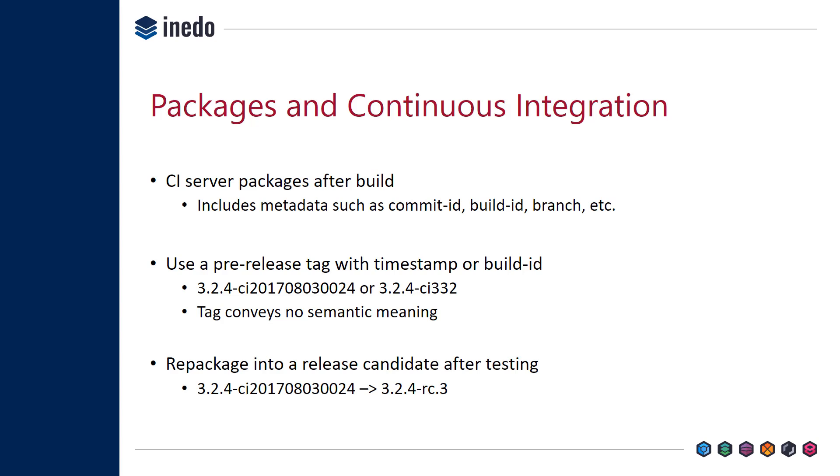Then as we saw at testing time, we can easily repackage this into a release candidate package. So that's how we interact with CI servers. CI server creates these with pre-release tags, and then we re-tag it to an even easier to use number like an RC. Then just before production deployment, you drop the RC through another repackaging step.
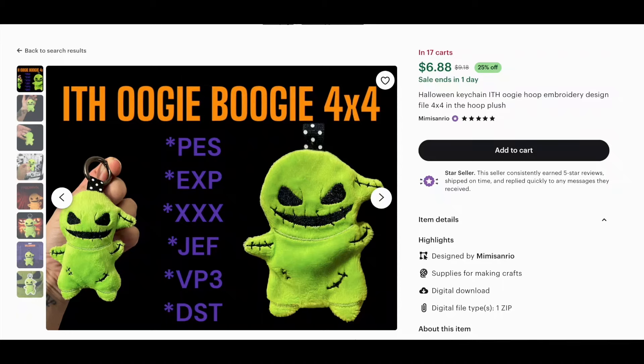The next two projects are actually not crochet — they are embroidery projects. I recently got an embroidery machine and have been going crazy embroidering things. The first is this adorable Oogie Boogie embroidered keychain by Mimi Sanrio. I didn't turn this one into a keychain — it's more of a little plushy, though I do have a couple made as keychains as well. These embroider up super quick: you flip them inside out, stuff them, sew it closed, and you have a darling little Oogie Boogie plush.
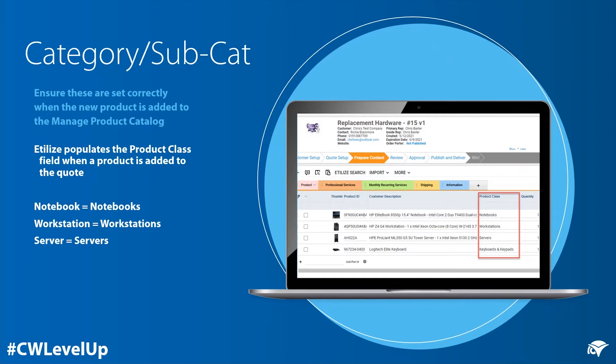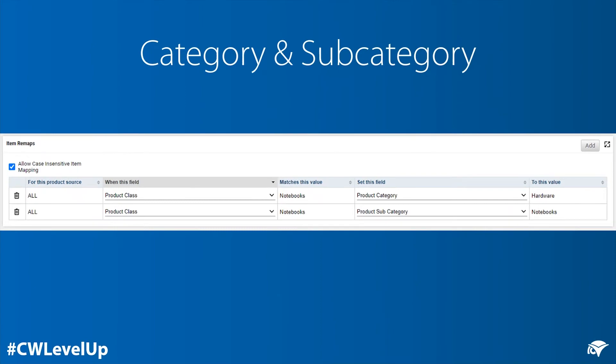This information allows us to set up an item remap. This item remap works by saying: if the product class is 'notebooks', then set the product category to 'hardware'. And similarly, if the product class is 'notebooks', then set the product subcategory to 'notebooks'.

...

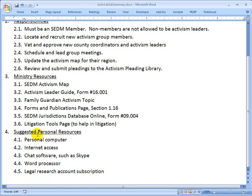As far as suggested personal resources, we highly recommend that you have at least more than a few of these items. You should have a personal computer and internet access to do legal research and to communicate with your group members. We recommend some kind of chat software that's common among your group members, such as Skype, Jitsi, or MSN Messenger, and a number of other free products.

* * *

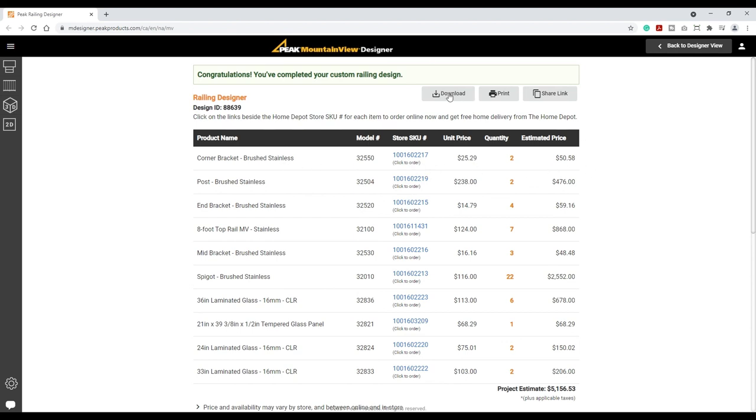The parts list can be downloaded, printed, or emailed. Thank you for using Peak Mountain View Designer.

**Work order:** Beginning at the line above that contains "Then as we saw" and going on through the line that contains "This information allows", please copy every line exactly, leaving the pictures out and adding nothing.

**Your solution:**
Then as we saw at testing time, we can easily repackage this into a release candidate package. So that's how we interact with CI servers. CI server creates these with pre-release tags, and then we re-tag it to an even easier to use number like an RC. Then just before production deployment, you drop the RC through another repackaging step.
The next two projects are actually not crochet — they are embroidery projects. I recently got an embroidery machine and have been going crazy embroidering things. The first is this adorable Oogie Boogie embroidered keychain by Mimi Sanrio. I didn't turn this one into a keychain — it's more of a little plushy, though I do have a couple made as keychains as well. These embroider up super quick: you flip them inside out, stuff them, sew it closed, and you have a darling little Oogie Boogie plush.
This information allows us to set up an item remap. This item remap works by saying: if the product class is 'notebooks', then set the product category to 'hardware'. And similarly, if the product class is 'notebooks', then set the product subcategory to 'notebooks'.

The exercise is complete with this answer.